The experience of eating set dosais or thick uthappams in tiffin centres around Tamil Nadu is one to behold. Quick service, fresh meals served on banana leaves cut into the size of large tiles; steaming soft idlis, crispy golden medu vadais, and chutneys in every colour imaginable dot your disposable plates as serves whiz past like bolts of lightning. Cut to the evening when dosais and vadais are replaced with robust biryani and raita whose fragrance crosses over across streets where the shop is located. What’s common between both these meals is an underrated side dish that has a gravy-like consistency, called salna.
Also Read:
Typically a salna is a meat or vegetable curry with lots of spices that is eaten as an accompaniment to many South Indian delicacies. However, what’s most interesting about this specific kind is that the gravy is in essence, ‘empty’; which means that it contains no meat or vegetables but packs a punch of flavour nevertheless. Made with a tomato-base and whole roasted and ground spices, the gravy has a spicy-tangy flavour, that pairs well with almost anything it is poured over. Unlike a kurma which would have meat or a medley of vegetables cooked in a similar gravy, this empty salna tastes best with parotta or idlis – basically, anything that has the capacity to mop it up.
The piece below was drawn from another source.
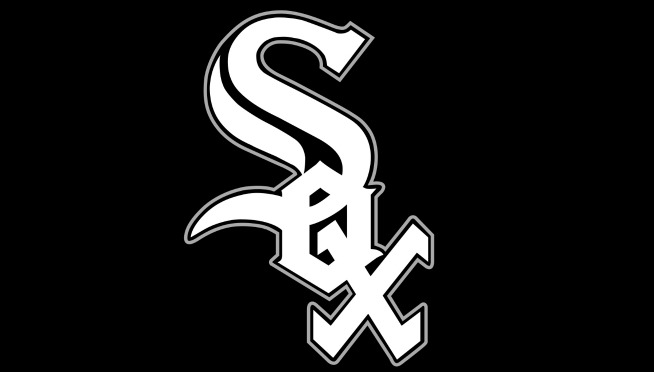 White Sox employee throws the WORST ceremonial first pitch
In most cases, an empty salna is vegetarian but in the rarity that it isn’t, the likelihood of fish or bone broth would be used to fortify the gravy and have a pronounced taste.
Recipe:
Ingredients
- 2 onions, sliced
- 3 large tomatoes, chopped
- 1.5 tablespoons ginger-garlic paste
- 1 bay leaf
- ¼ cup fresh coriander, chopped
- 5-6 sprigs mint leaves
- 1 stick cinnamon
- 2 cloves
- 1 star anise
- 1 mace flower
- 8-10 curry leaves
- 2 tablespoons sambar powder
- 1 tablespoon gram flour
- 1 teaspoon turmeric powder
- 1 teaspoon red chilli powder
- ½ teaspoon garam masala
- ½ cup grated coconut
- 6-8 cashews, soaked in warm water
- 2-3 tablespoons vegetable oil
- Salt, to taste
Method
- Grind the cashews and coconut into a fine paste with some warm water and set aside. Heat the oil in a large sauce pan and temper the mustard seeds and curry leaves. Once they start to splutter, add the whole spices and allow them to bloom for a minute or two.
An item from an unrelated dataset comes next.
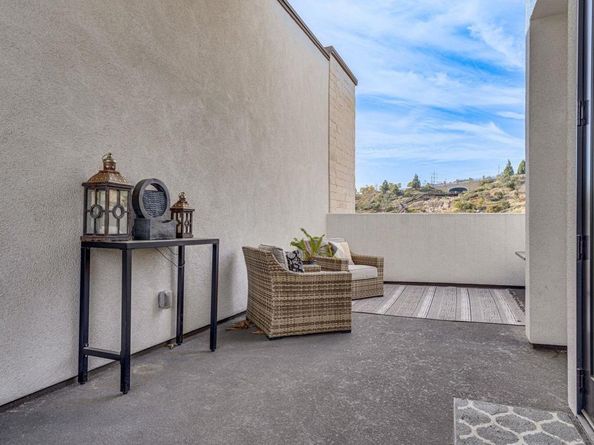 2804 Avella Circle, San Diego CA 92108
- Add the sliced onions and ginger-garlic paste and cook until the onions have softened considerably. Following this, add in all the spice powders, except the garam masala and combine everything thoroughly.
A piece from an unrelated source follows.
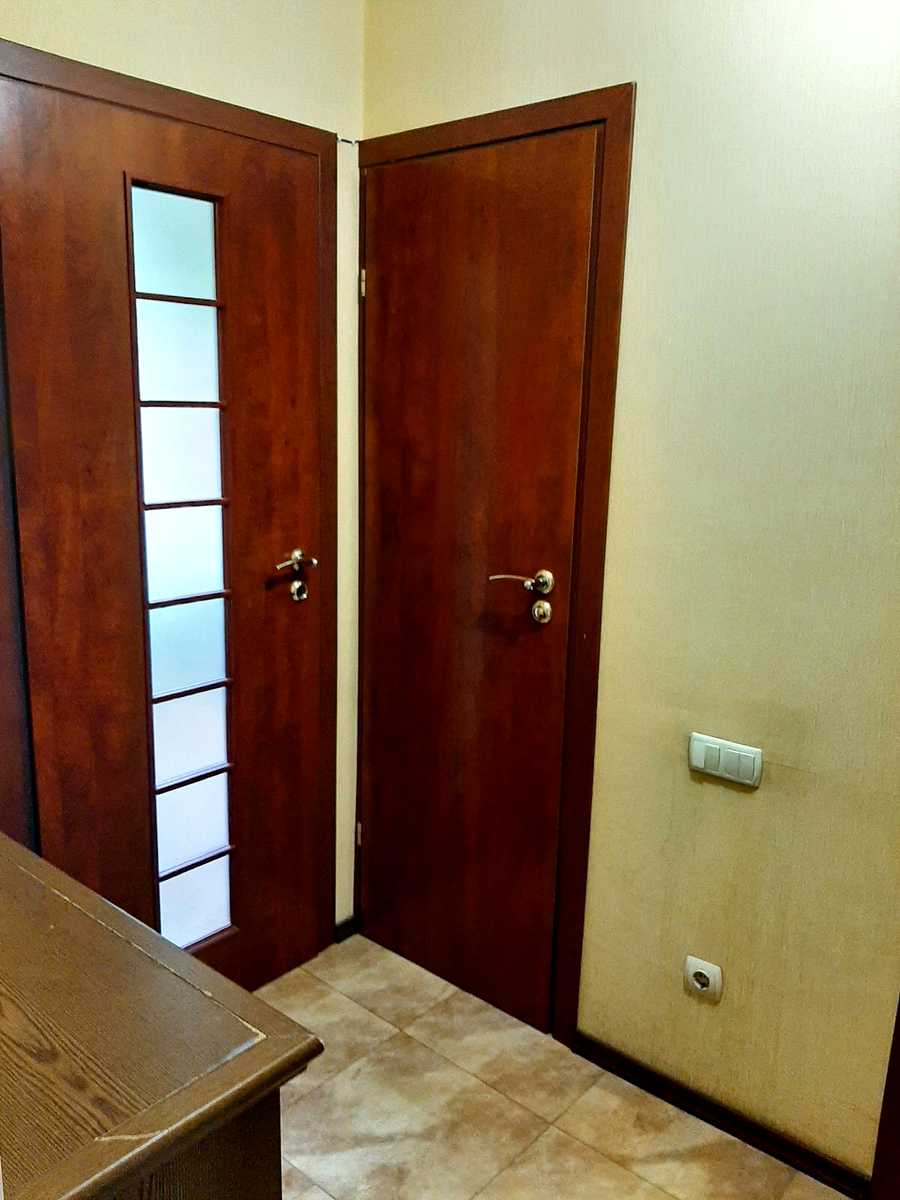 1851330381110569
- Add the chopped tomatoes and season with a generous pinch of salt. Turn down the heat to a medium low and cook the tomatoes until they turn mushy and release their juices.
- Cover the pan with a lid and cook until the fat begins to separate and the mixture in the pan turns into a homogenous mush. Add the coriander and mint leaves and mix well.
- To this mixture, add 4-5 cups of water, along with the coconut paste and simmer for about 15-20 minutes on a low flame to let the spices lose their raw flavour and blend well.
- Meanwhile, mix the gram flour with a tablespoon of water and mix into the gravy once almost cooked through, to thicken it slightly. Check for seasoning and adjust, if needed. Serve hot with pulao, parotta, idli, dosai, etc.